## Available records
──────
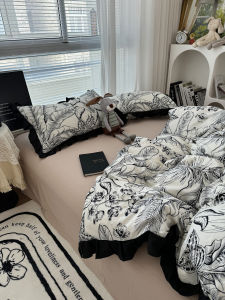 Retro Hepburn Style Hand-Painted Floral Lace Washed Cotton Bedding Set Quilt Cover Bed Canopy Student Bed Sheet Three-Piece Set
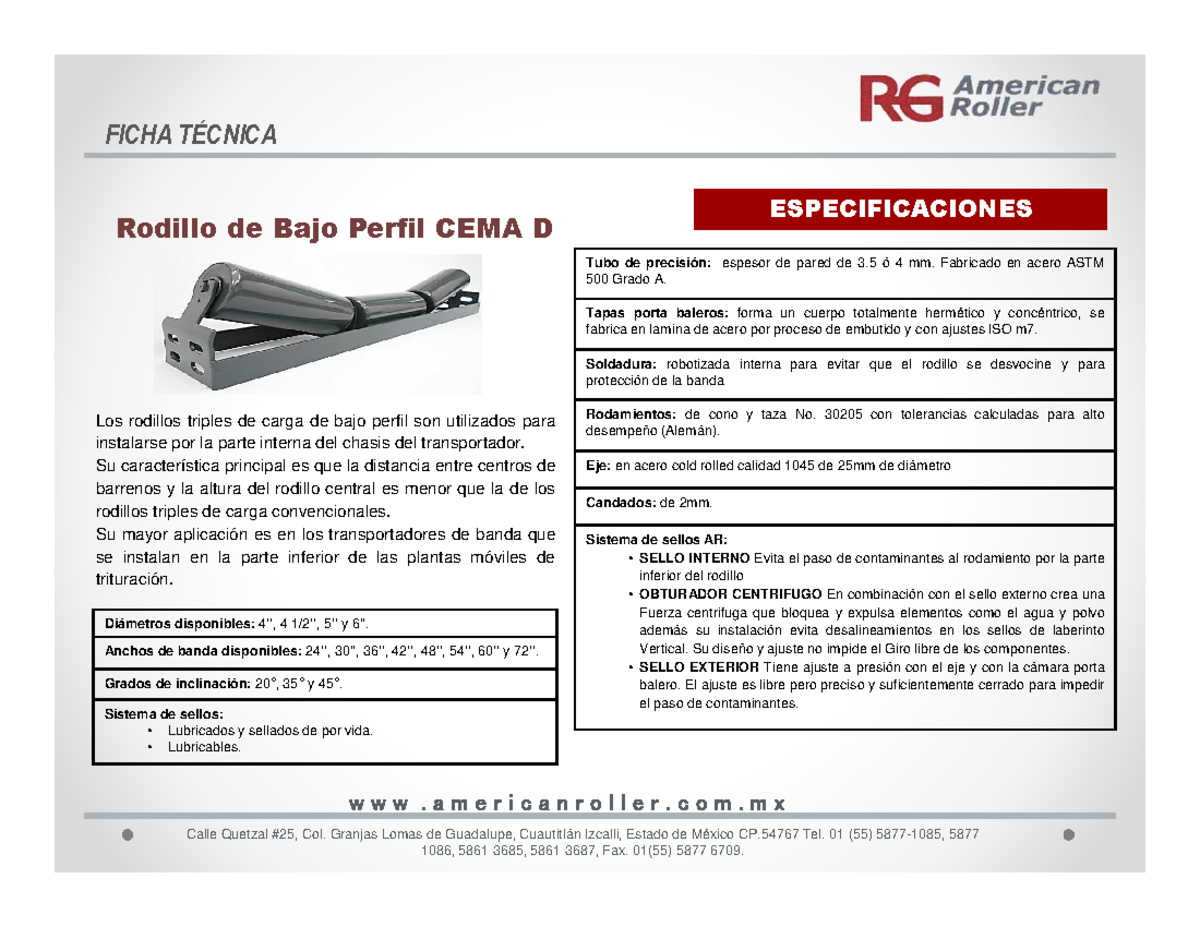 AR - Especificaciones Técnicas del Rodillo de Bajo Perfil Cema D - Studocu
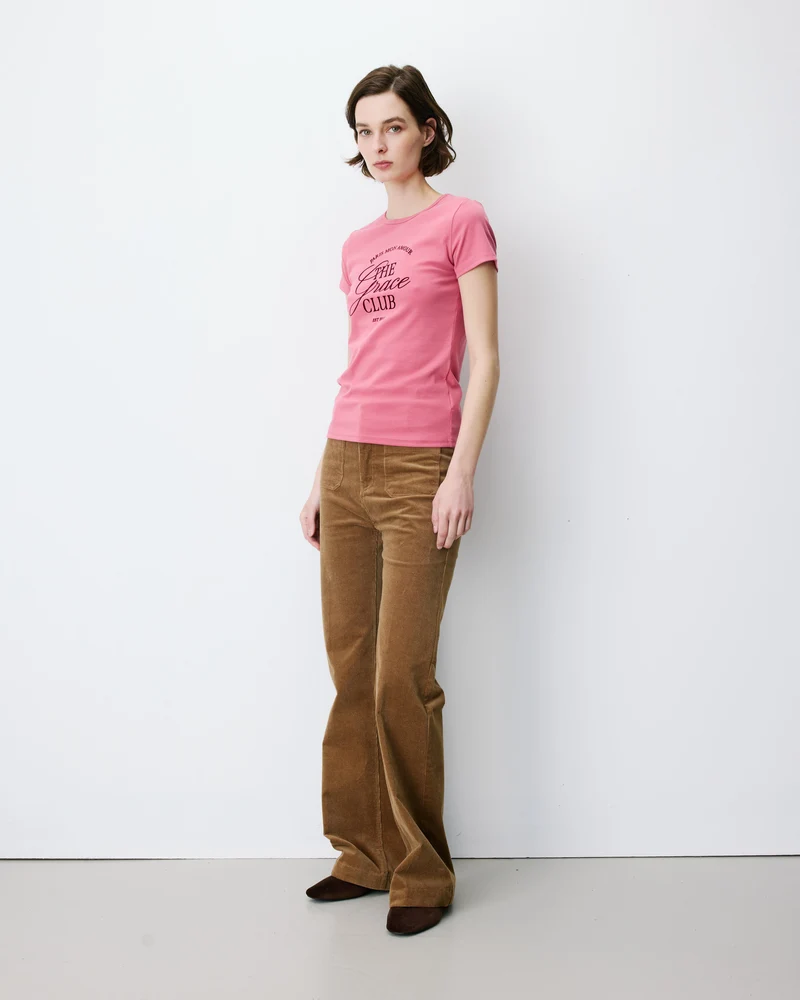 T-shirt col rond à message blush Amoris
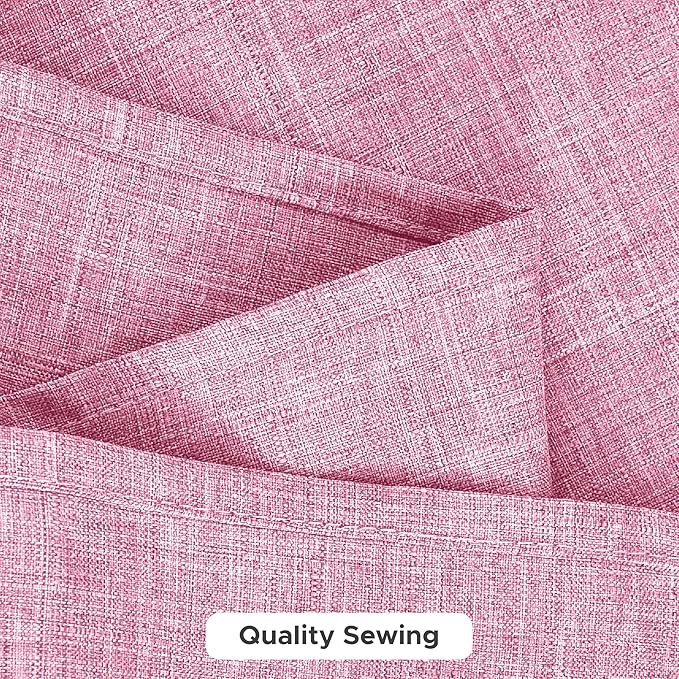 Fitable Faux Linen Tablecloths for Rectangle Tables: Water & Stain Resistant Farmhouse Table Cloth, Washable Burlap Textured Table Covers for Kitchen Dining Party(2 Pack, 52x70 Inch, Pink)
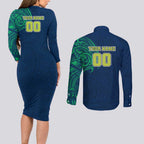 Personalized Canberra Raiders Couples Matching Long Sleeve Bodycon Dress and Long Sleeve Button Shirt Polynesian Tribal Chest and Sleeve Tattoo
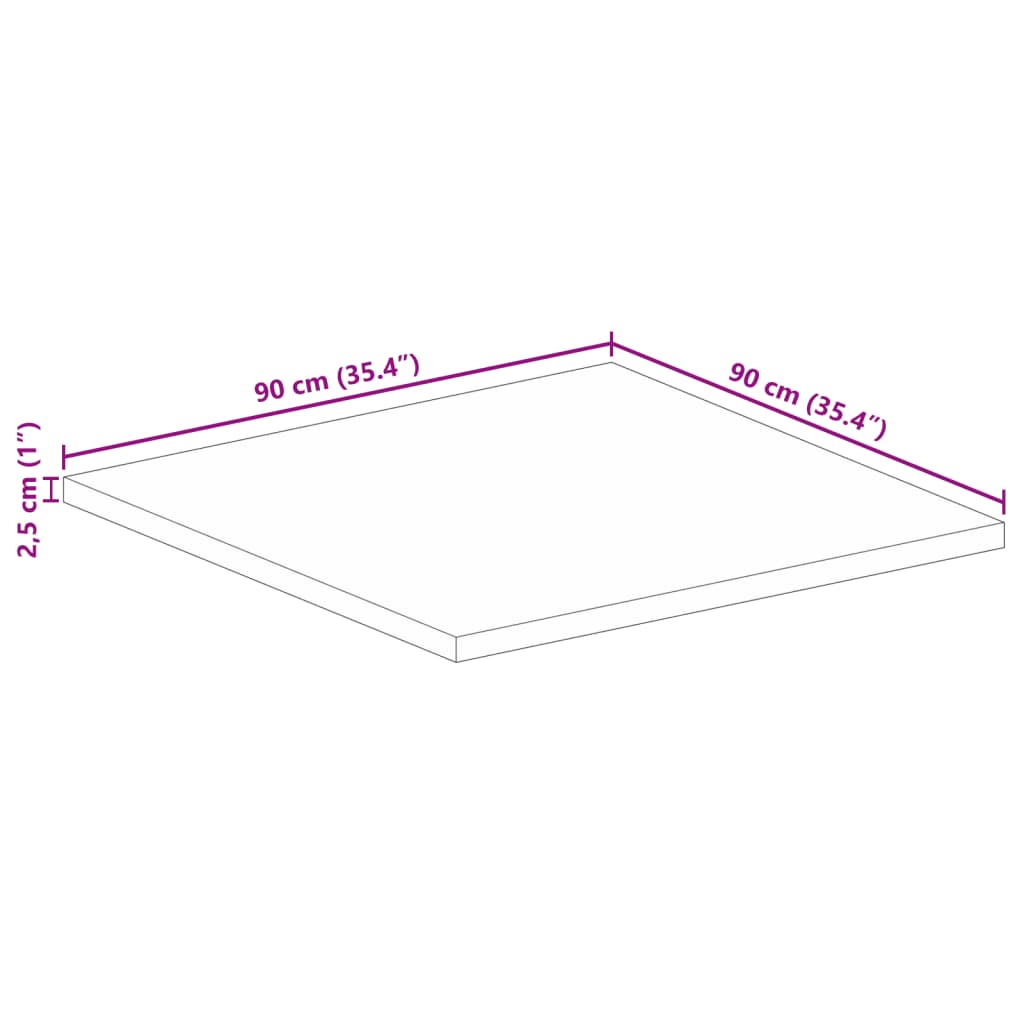Bordplate 90x90x2,5 cm firkantet heltre akasie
──────
## Exercise directions
Only the lines from the one containing "Personalized Canberra Raiders" through the last line of the entries above should be copied, exactly as they are and without the pictures.

## Written answer
 Personalized Canberra Raiders Couples Matching Long Sleeve Bodycon Dress and Long Sleeve Button Shirt Polynesian Tribal Chest and Sleeve Tattoo
Bordplate 90x90x2,5 cm firkantet heltre akasie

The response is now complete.